6. Il ne ressort d'aucune des dispositions du code de l'entrée et du séjour des étrangers et du droit d'asile qu'une obligation de quitter le territoire français deviendrait caduque à défaut d'avoir été exécutée à l'issue d'un délai déterminé. Si les anciennes dispositions de l'article L. 731-1 de ce code faisaient obstacle à l'assignation à résidence d'un étranger sur le fondement d'une obligation de quitter le territoire prise plus d'un an auparavant, elles n'avaient ni pour objet ni pour effet de mettre fin aux effets de la mesure d'éloignement, l'étranger demeurant tenu de quitter le territoire. Ces anciennes dispositions ne privaient pas davantage l'autorité administrative de la possibilité de procéder à l'exécution d'office de la mesure d'éloignement par d'autres moyens. Il s'ensuit que l'écoulement du temps depuis l'édiction de l'obligation de quitter le territoire français à l'encontre de M. A, le 27 octobre 2022, n'a pas, en lui-même, eu pour effet de placer l'intéressé dans une situation juridique définitivement constituée, faisant obstacle à ce que la loi attache de nouvelles conséquences juridiques à cette mesure d'éloignement. Le moyen tiré de la méconnaissance des dispositions de l'article L. 221-4 du code des relations entre le public et l'administration doit, dès lors, être écarté.

7. Ainsi, la préfète du Rhône pouvait, en se fondant sur la décision du 27 octobre 2022, prendre à l'encontre de M. A une décision l'assignant à résidence en faisant application immédiate des dispositions nouvelles de l'article L. 731-1 du code de l'entrée et du séjour des étrangers et du droit d'asile.

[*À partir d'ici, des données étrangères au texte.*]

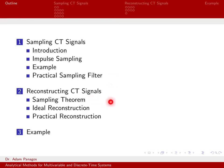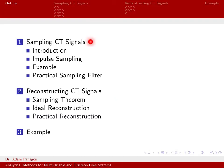based on the sampling theorem, there's actually a way to sample a continuous time signal properly, such that even though you're writing down a finite list of numbers, you haven't lost any information in the original continuous time signal, and it is possible to go back perfectly from this finite list of numbers to a continuous time signal.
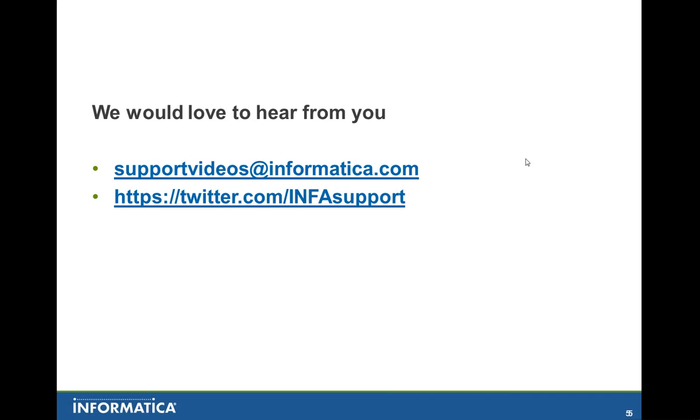We would love to get your feedback. And if you have something to say to us, please do feel free to reach out to us at supportvideos at informatica.com or you can reach out to us through Twitter. Our Twitter URL is https://twitter.com/infosupport. Thank you and have a great day.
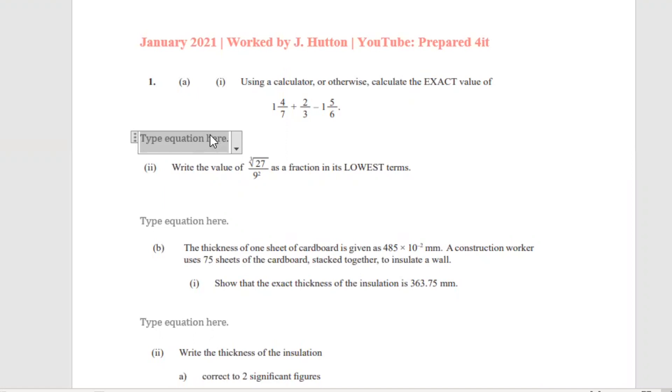Hello everyone and welcome to another video. Today we'll be working question one from the January 2021 paper.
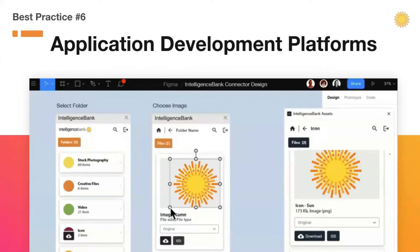Intelligence Bank's API allows you to connect the DAM to other applications, creating what's called a headless DAM, meaning you can interact with the DAM using other applications without actually using the DAM interface.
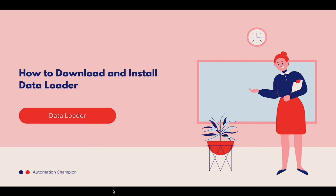Data Loader is available for Macintosh and Windows. Today, we will be installing it on my MacBook, but it is the same process on a Windows machine.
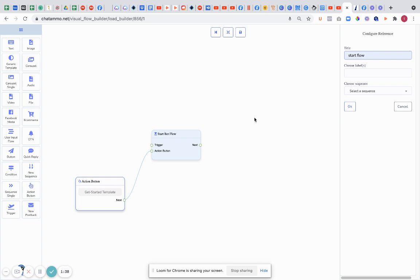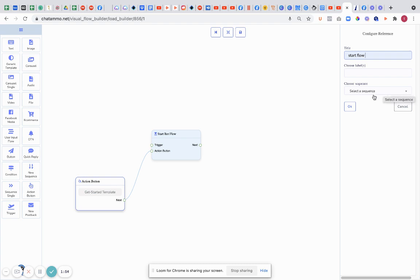The other bit you're going to notice on the start flow is you can choose a label. Now I'm in the EU so I can't actually choose a label over here because Facebook has made it so it can't be done. However, if you're outside of the EU, you can then choose a label, build your labels up, and also choose a sequence. We haven't built any sequences yet so there's nothing for us to choose. That's how simple it is - the action button and then start bot flow.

8. En deuxième lieu, aux termes des dispositions de l'article R. 733-1 du code de l'entrée et du séjour des étrangers et du droit d'asile : " L'autorité administrative qui a ordonné l'assignation à résidence de l'étranger en application des articles L. 731-1, L. 731-3, L. 731-4 ou L. 731-5 définit les modalités d'application de la mesure : / 1° Elle détermine le périmètre dans lequel il est autorisé à circuler muni des documents justifiant de son identité et de sa situation administrative et au sein duquel est fixée sa résidence ; / 2° Elle lui désigne le service auquel il doit se présenter, selon une fréquence qu'elle fixe dans la limite d'une présentation par jour, en précisant si l'obligation de présentation s'applique les dimanches et les jours fériés ou chômés ; / 3° Elle peut lui désigner une plage horaire pendant laquelle il doit demeurer dans les locaux où il réside. ".

9. Si le requérant soutient qu'il ne peut pas se présenter aux services de la police aux frontières car il travaille les lundis et jeudis, il n'apporte aucun élément à l'appui de ses allégations. Le caractère disproportionné de la décision n'est, par suite, pas établi.

10. Il résulte de ce qui précède que la requête de M. A doit être rejetée.

D E C I D E :

Article 1 : La requête de M. A est rejetée.

Article 2 : Le présent jugement sera notifié à M. B A et à la préfète du Rhône.

Rendu public par mise à disposition au greffe le 11 avril 2024.

La magistrate désignée,

C. Rizzato,

La greffière,

F. Gaillard,

La République mande et ordonne à la préfète du Rhône en ce qui la concerne ou à tous commissaires de justice à ce requis en ce qui concerne les voies de droit commun contre les parties privées, de pourvoir à l'exécution de la présente décision.